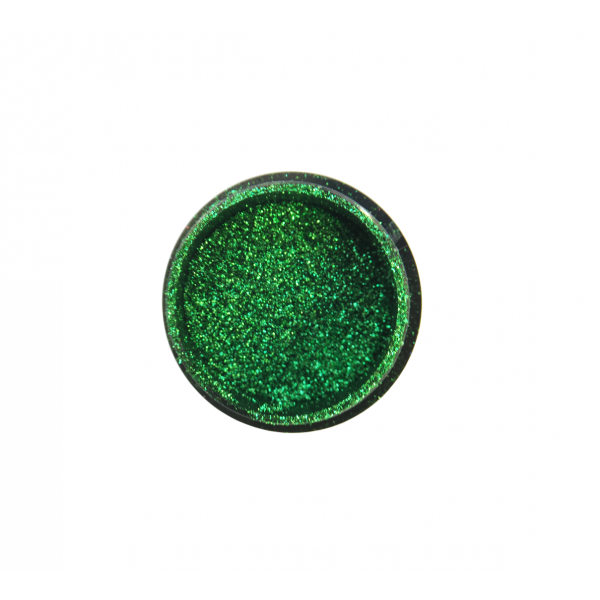 Mirror glitter powder Didier Lab, green 0,5gr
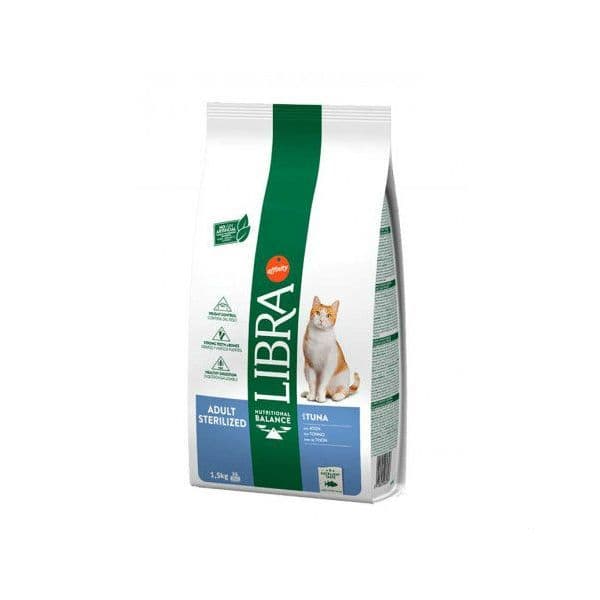 Libra Adult Sterilized Tuna Cat 12Kg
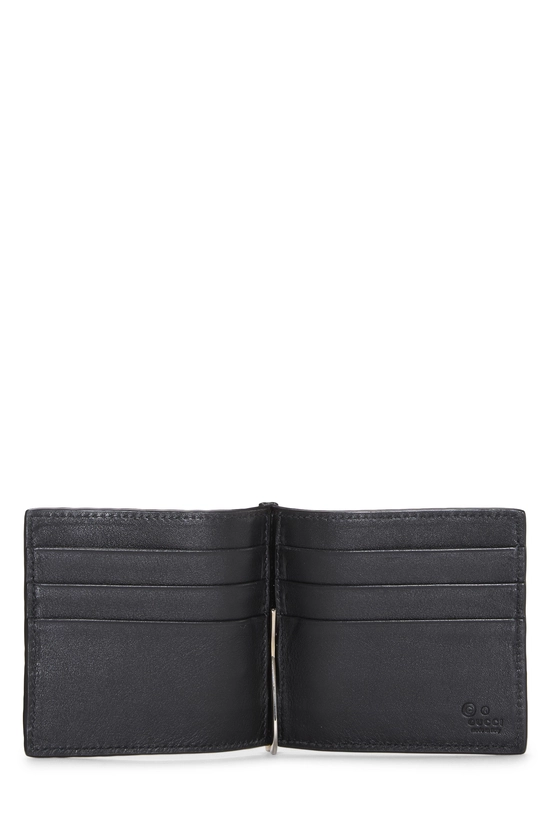 Black Microguccissima Bifold Wallet, , large image number 3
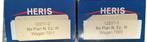Heris H0 - 12217-1/12217-2 - Modeltrein personenwagen (2) -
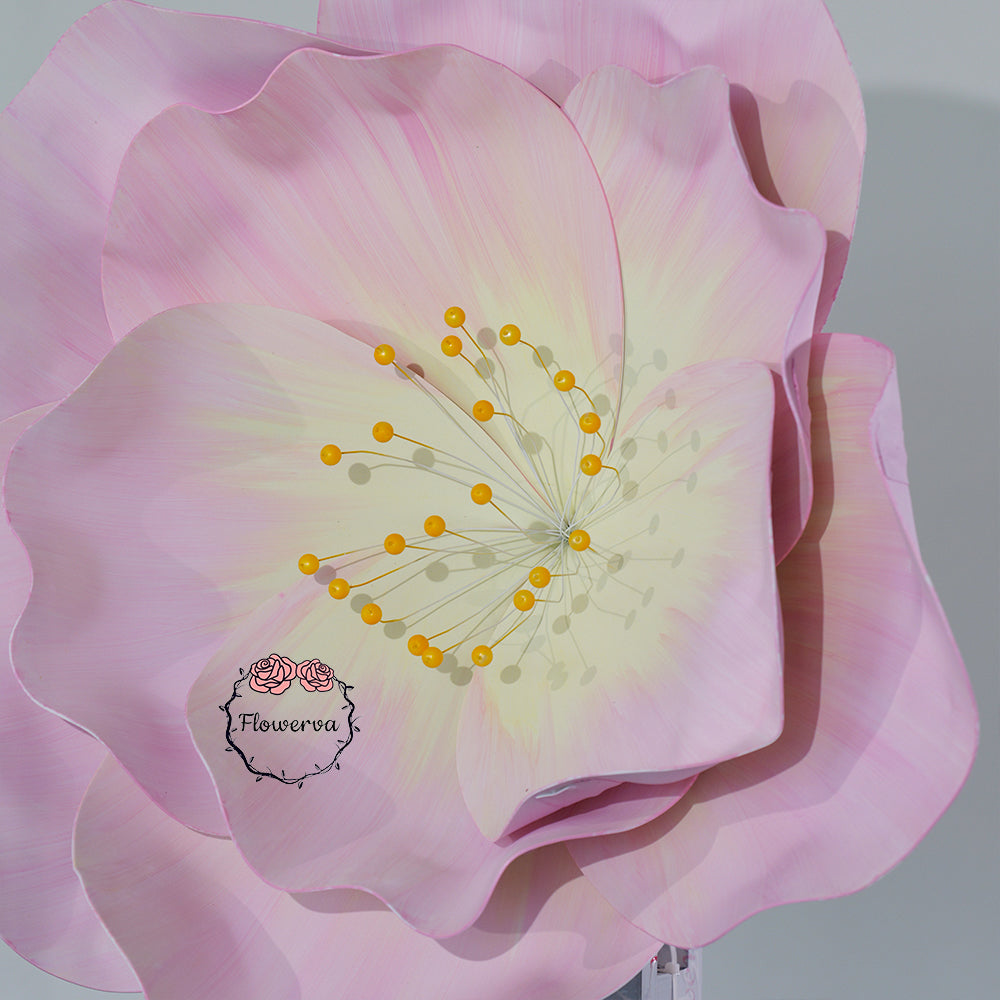 Flowerva EVA Gradient Pink Peony Premium Flower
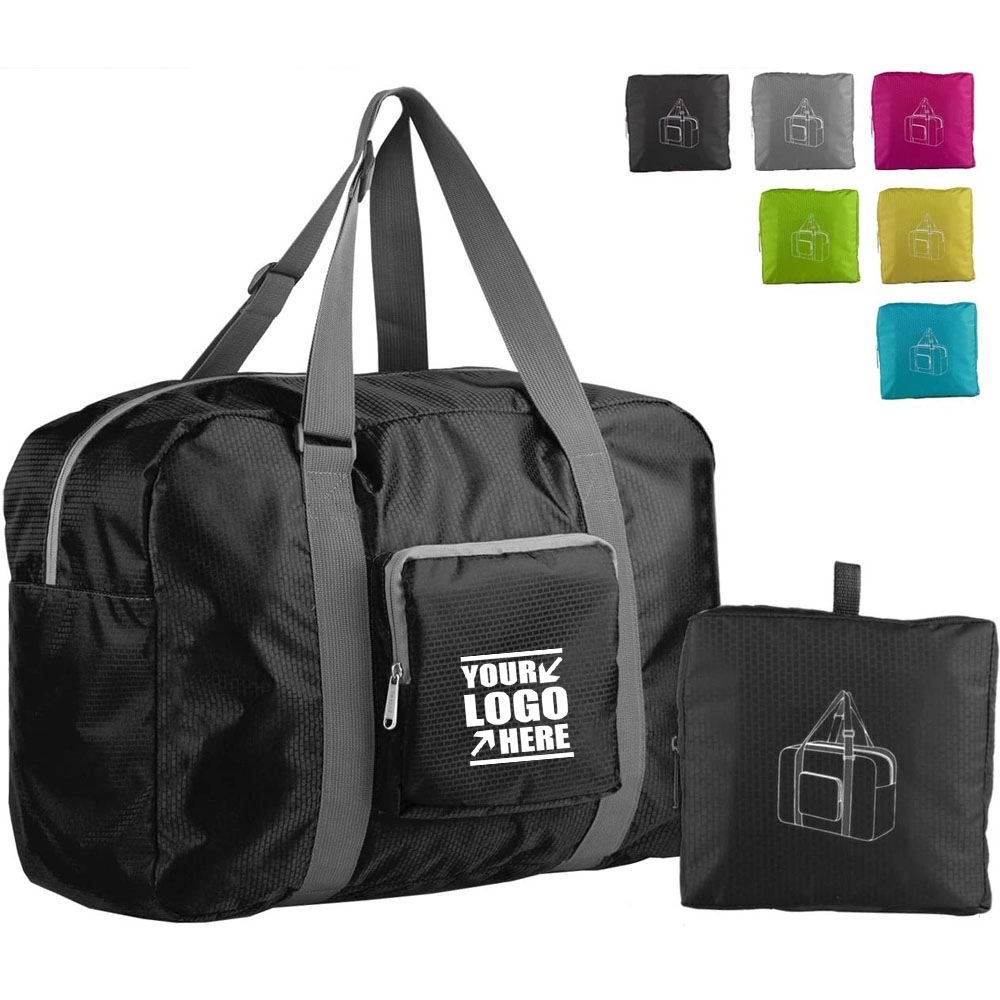 Water Resistant Foldable Travel Duffel Bag 2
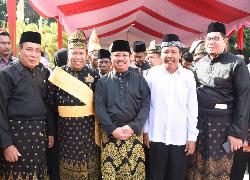 Ucapkan Tahniah Dari Bupati Amril Pada Presiden Jokowi
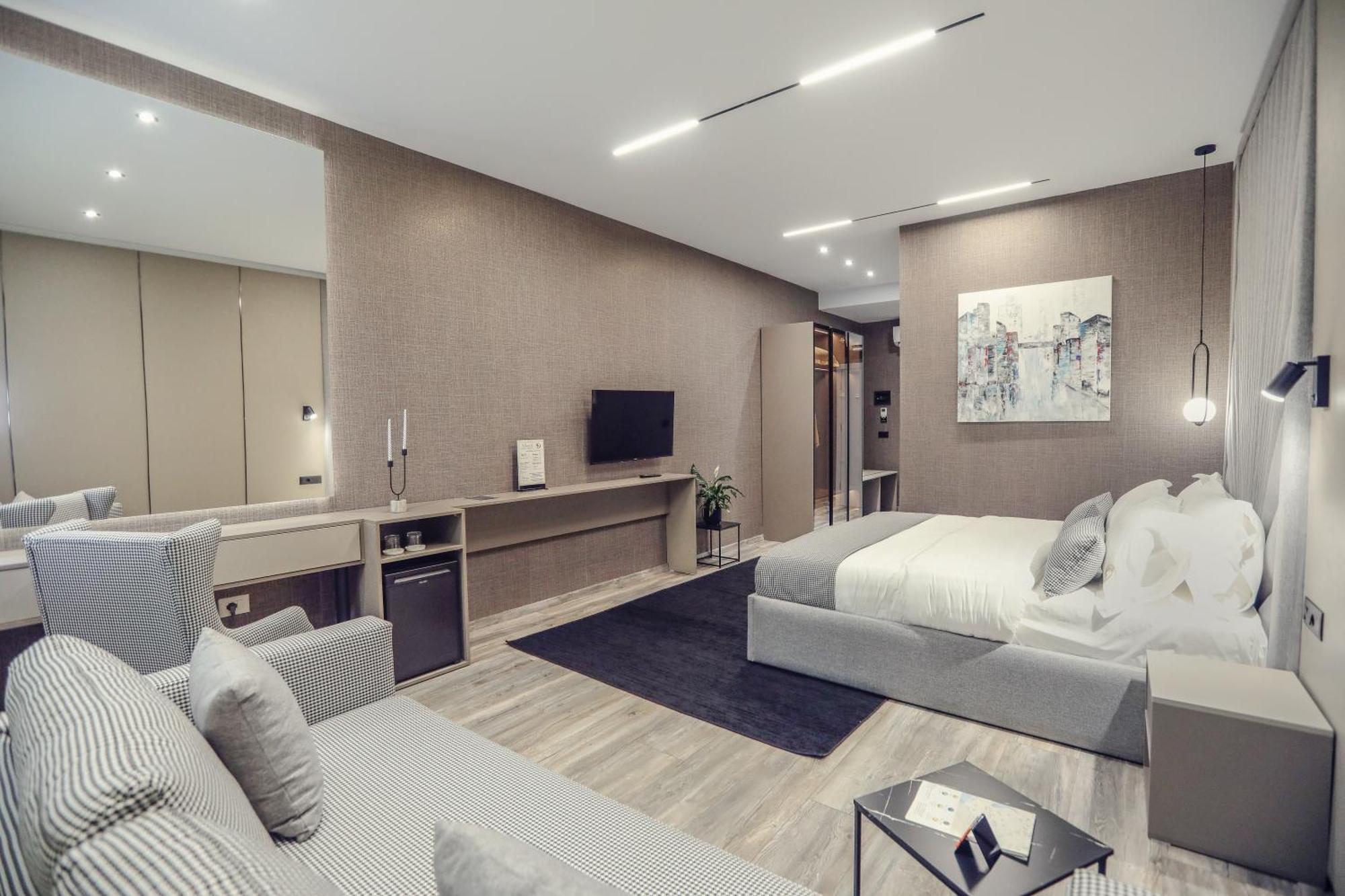 Hotel Dirista Shkodër 外观 照片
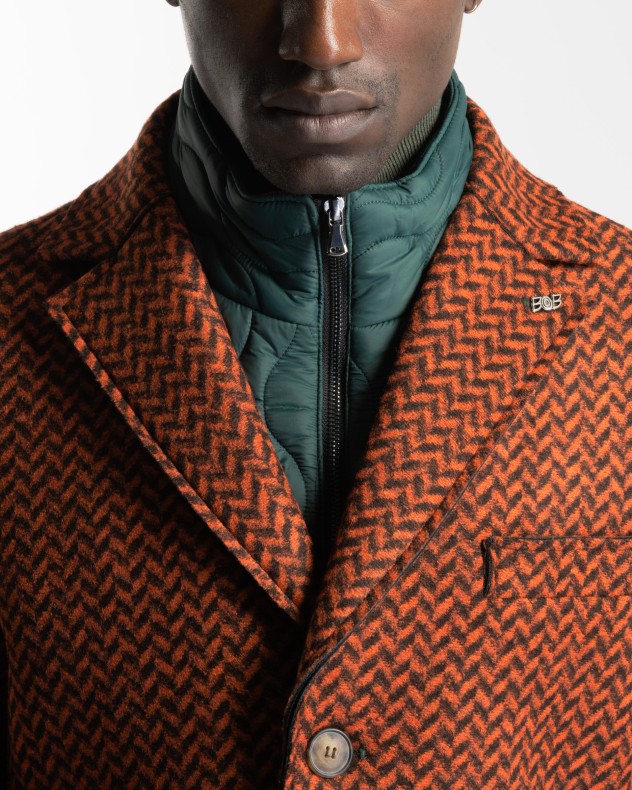 Long manteau BOB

- **Problem to solve**:
Your copy of the data above should match it exactly, apart from the images.

- **Exercise answer**:
 Mirror glitter powder Didier Lab, green 0,5gr
 Libra Adult Sterilized Tuna Cat 12Kg
 Black Microguccissima Bifold Wallet, , large image number 3
Heris H0 - 12217-1/12217-2 - Modeltrein personenwagen (2) -
 Flowerva EVA Gradient Pink Peony Premium Flower
 Water Resistant Foldable Travel Duffel Bag 2
 Ucapkan Tahniah Dari Bupati Amril Pada Presiden Jokowi
 Hotel Dirista Shkodër 外观 照片
 Long manteau BOB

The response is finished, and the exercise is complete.